The proposal was made in particular to withdraw citizenship from Abu Bilal, a leading imam at the Grimhoj mosque in the city of Aarhus. A recent documentary, ‘Mosques behind the Veil,’ revealed that the imam advocated the stoning of adulterous women and the killing of apostates.
Danish Prime Minister Lokke Rasmussen urged MPs to come up with measures to counter the growth of radical Islam after the documentary exposed the activities of such radical mosques.
The Danish People’s Party is set to make two new proposals in the upcoming set of negotiations with the Danish PM. The party is to present a draft resolution on stripping Abu Bilal of his Danish citizenship and then to review the Constitution’s clause on religious freedom.
Rasmussen said that he will be willing to “push the limits” of the interpretation of the Danish Constitution when reviewing the proposals, the Local reported.
“We are open to all solutions that can stop the radicalized imams,” said Trine Bramsen, the Social Democrats’ spokesman, according to the Berlingske newspaper.
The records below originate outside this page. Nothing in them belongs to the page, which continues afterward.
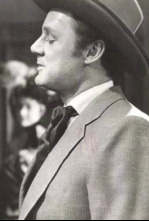 Imagen de Asedio en río rojo - 4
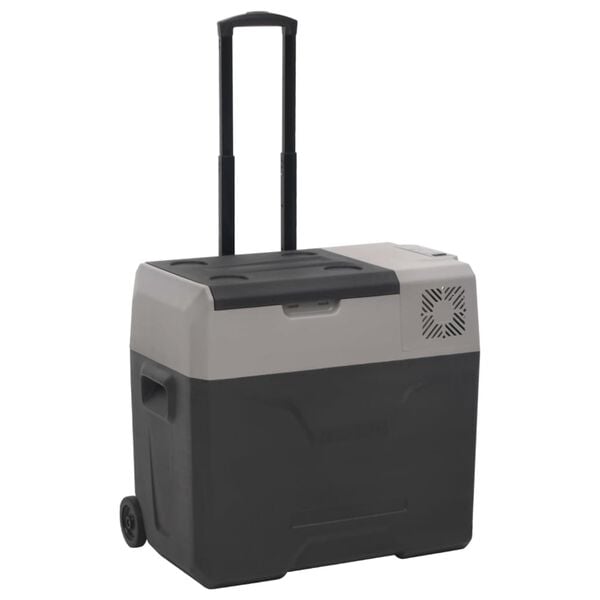 Showing Product Image 4 of 17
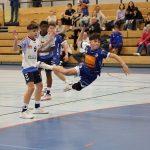 20251101_TSGMünster_vs_EschwegerTSV 026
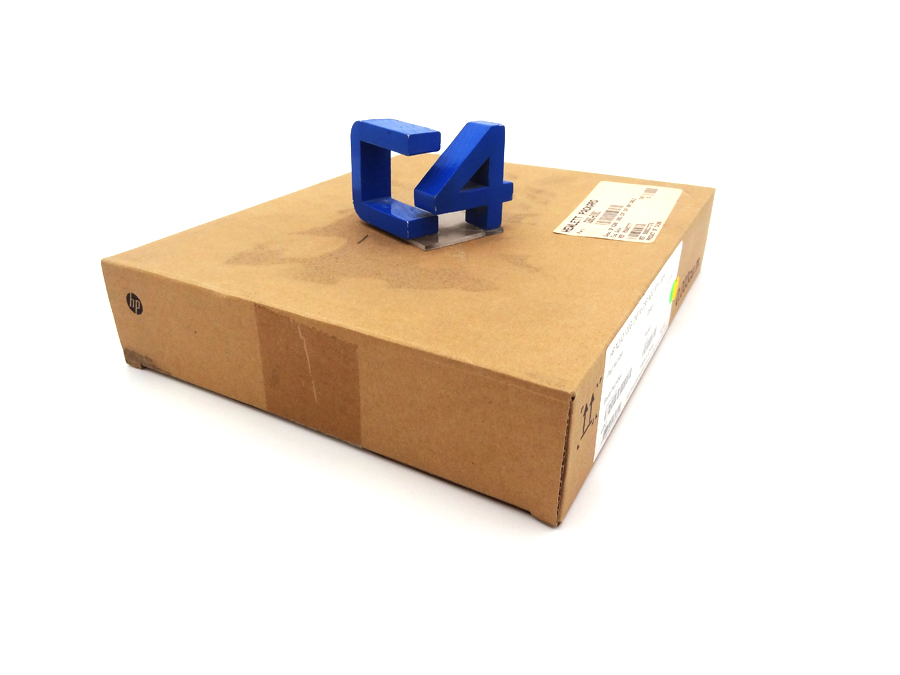 HP JG883A X2A0 100G CSP 30M CABLE *New Bulk* - JG883-61001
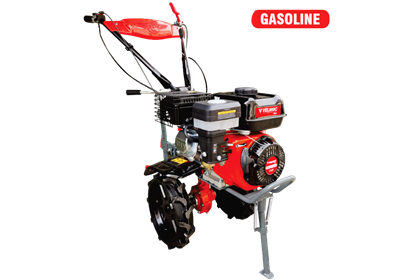 Gasoline Power Weeder - 170F - NANO SERIES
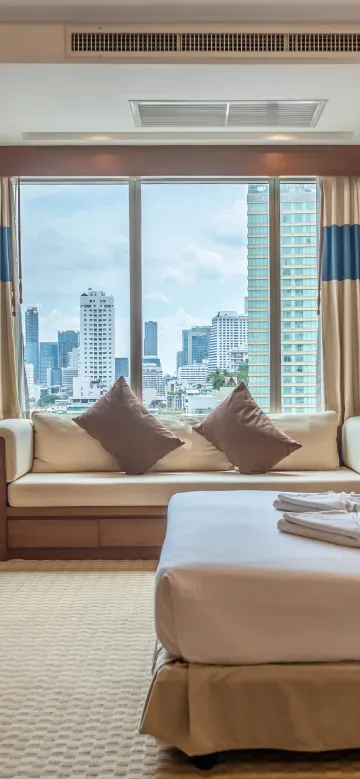 สวีทเอ็กเซ็กคิวทีฟ จากุชชี ปลอดบุหรี่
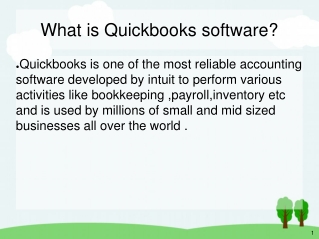 quickbooks error code: 80029c4a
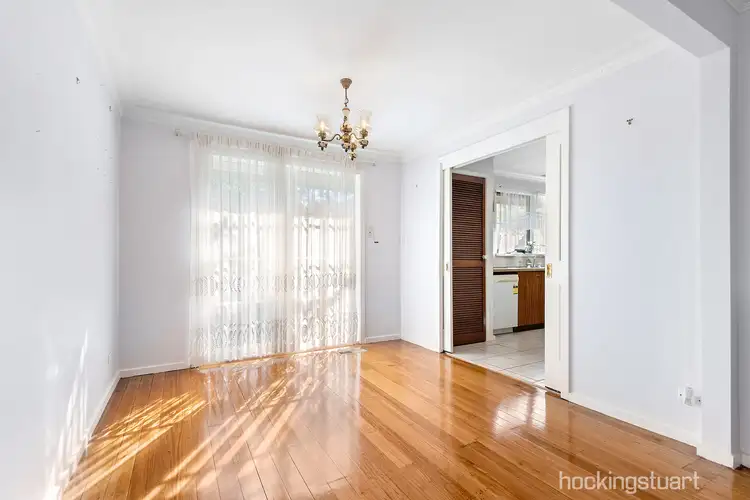 Fifth view of Homely house listing, 9 Parker Court, Endeavour Hills VIC 3802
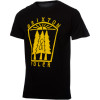 Pine Slim T-Shirt - Short-Sleeve - Men's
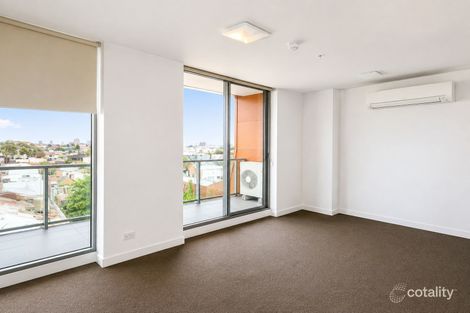 611/201 High St, Prahran, VIC 3181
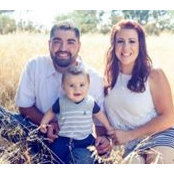 Chelsi Baird's photo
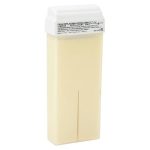 Воск для депиляции Лимонный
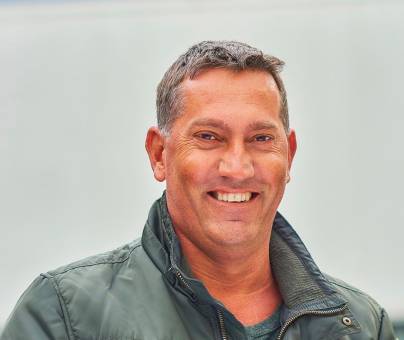 Joris_Kesseler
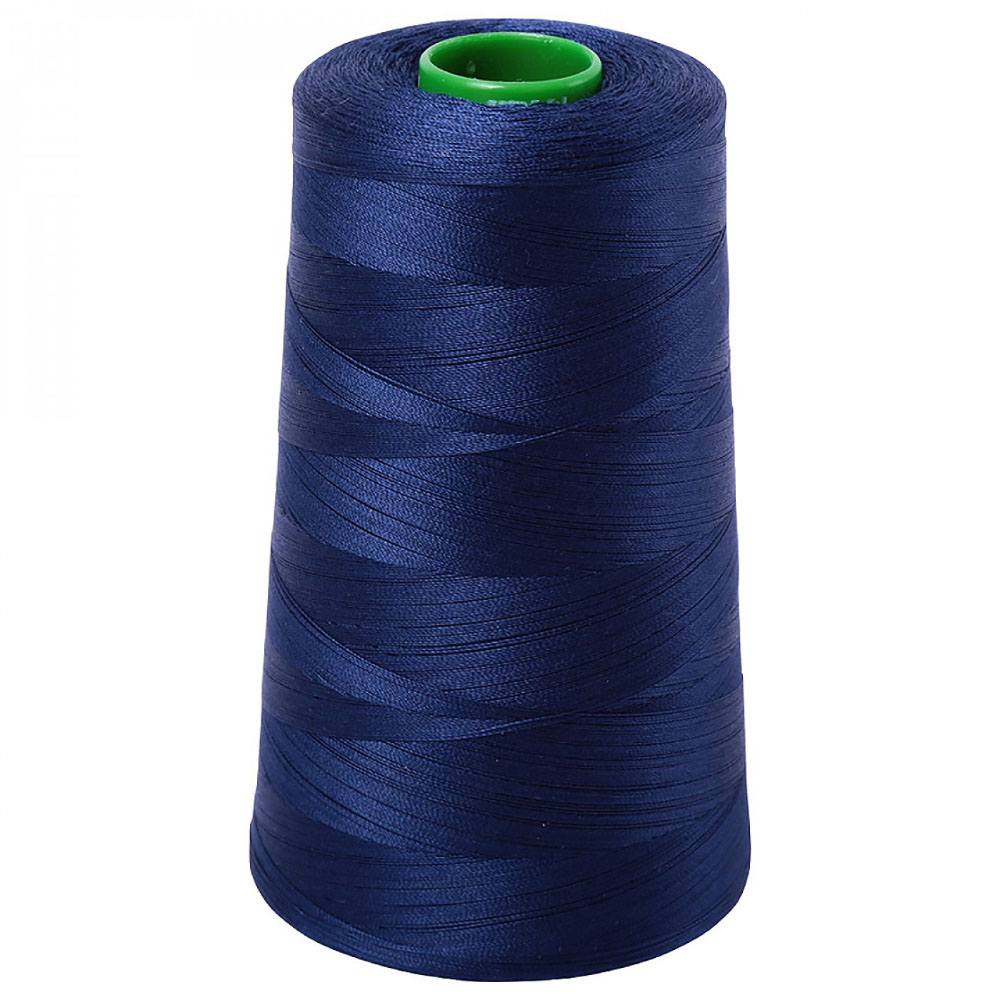 Aurifil 40wt Mako Cotton Thread (5140yds)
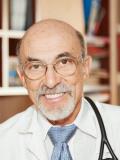 Dr. Lev Paukman, MD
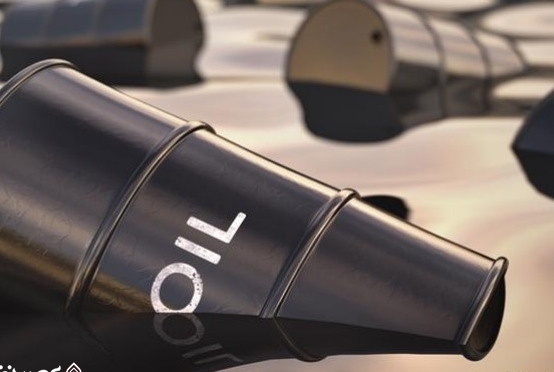 خبری خوش برای بازار نفت ایران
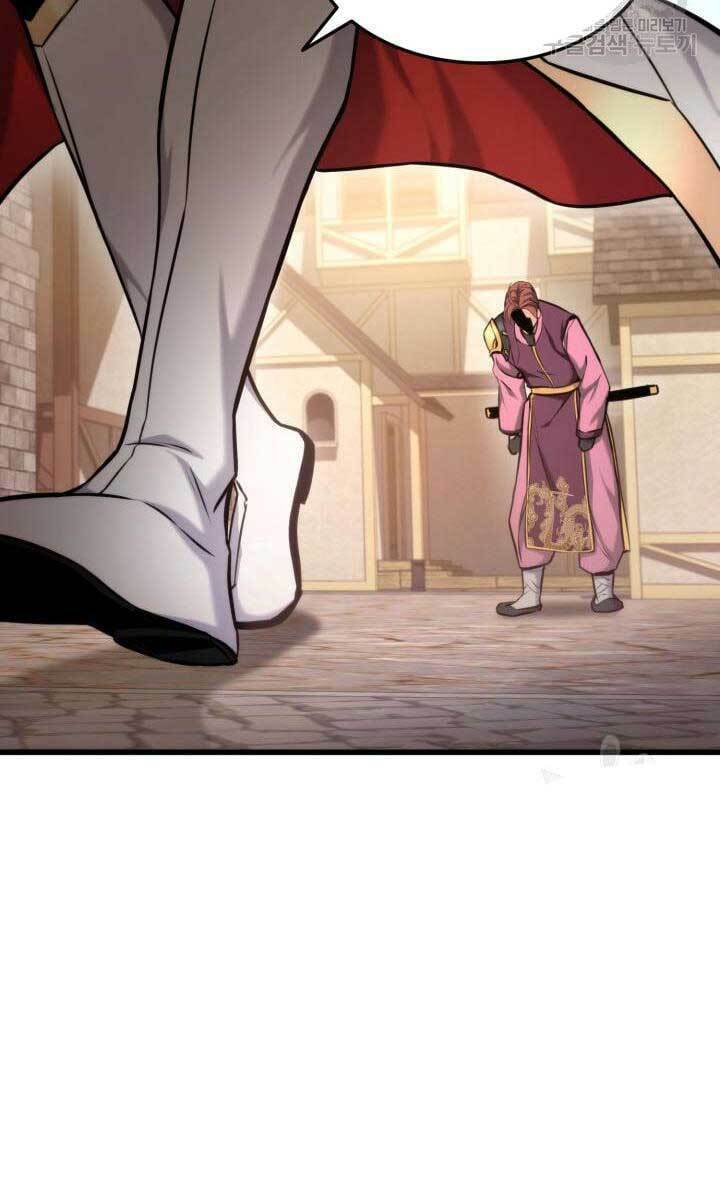 Huyền Thoại Game Thủ – Tái Xuất Chapter 83 - Trang 2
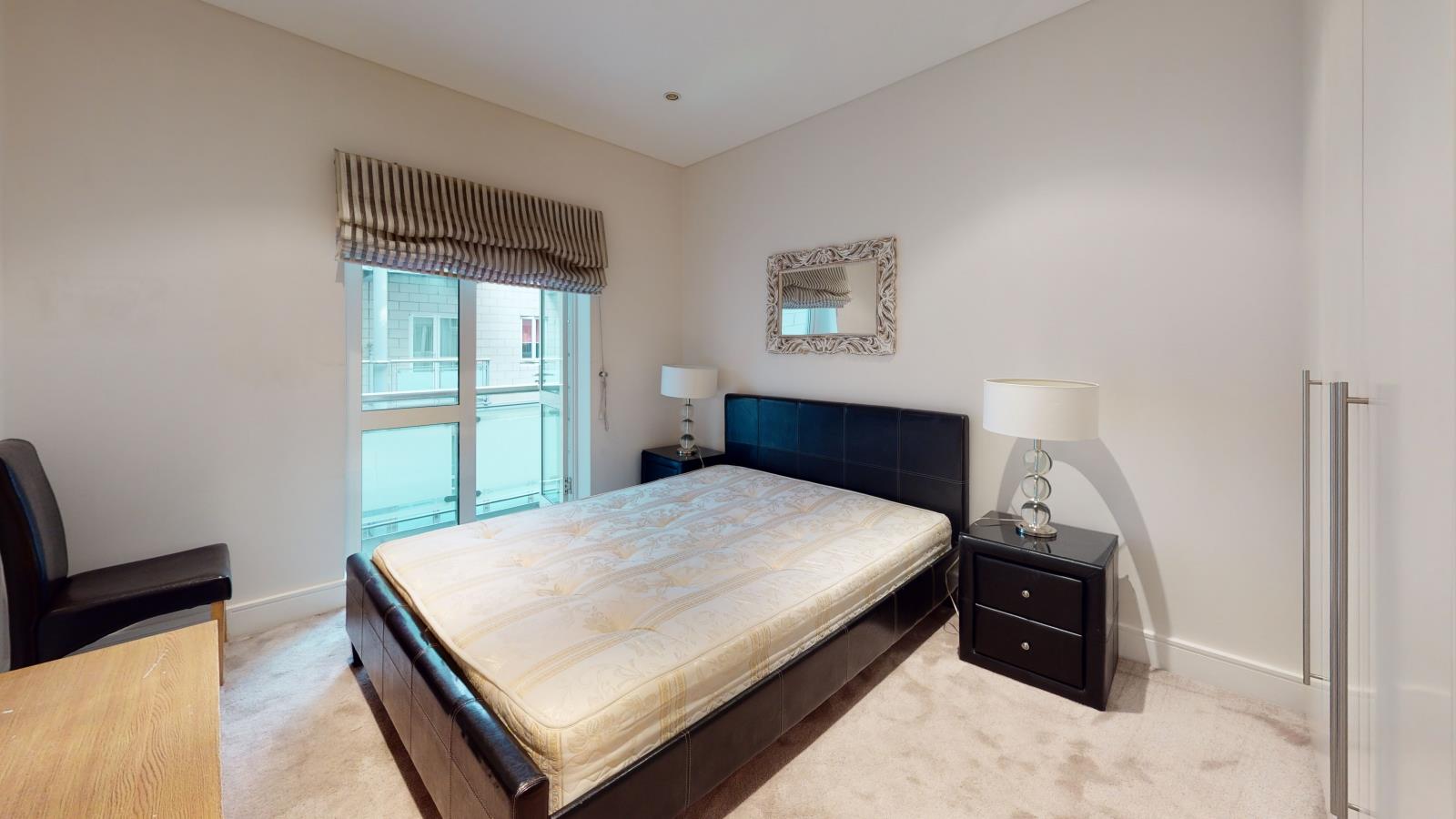 2 bed apartment for sale in Maida Vale, London 6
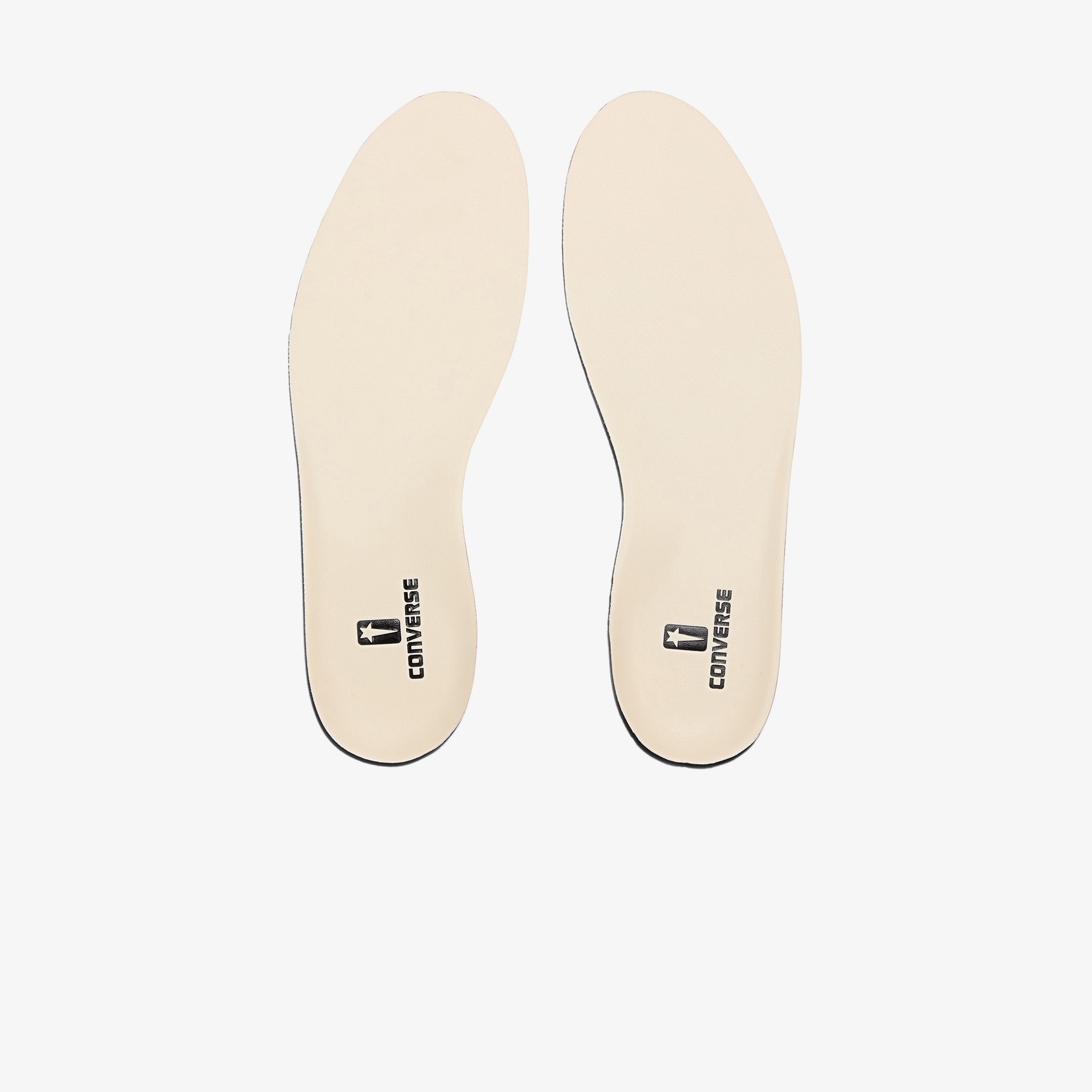 Converse Chuck Taylor All Star Unisex Siyah Sneaker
Marcus Knuth, the Liberal Party’s immigration spokesman, said the proposal was “a really good idea.”
“I personally think it sounds like a really good idea… You are not just talking about twisted old imams. These are the mosques that have shaped many Syrian fighters, and they can be a threat to national security,” he said.
The president of Grimhoj Mosque, however, called the measure a very drastic step, saying it would only encourage radicalization.
“We will not solve the problem that way, but risk creating more radicalization. I do not understand the thinking. Denmark is the best country I live in and I have no interest in destroying it,” Oussama El-Saadi said.
In January, the Danish government passed measures that allowed the confiscation of valuables from refugees. The new laws also delayed refugees’ reunification with family members for three years. Integration Minister Inger Stojberg said the goal of the new legislation was for Denmark to become “significantly less attractive for asylum-seekers.” The move was greeted by severe criticism from human rights groups.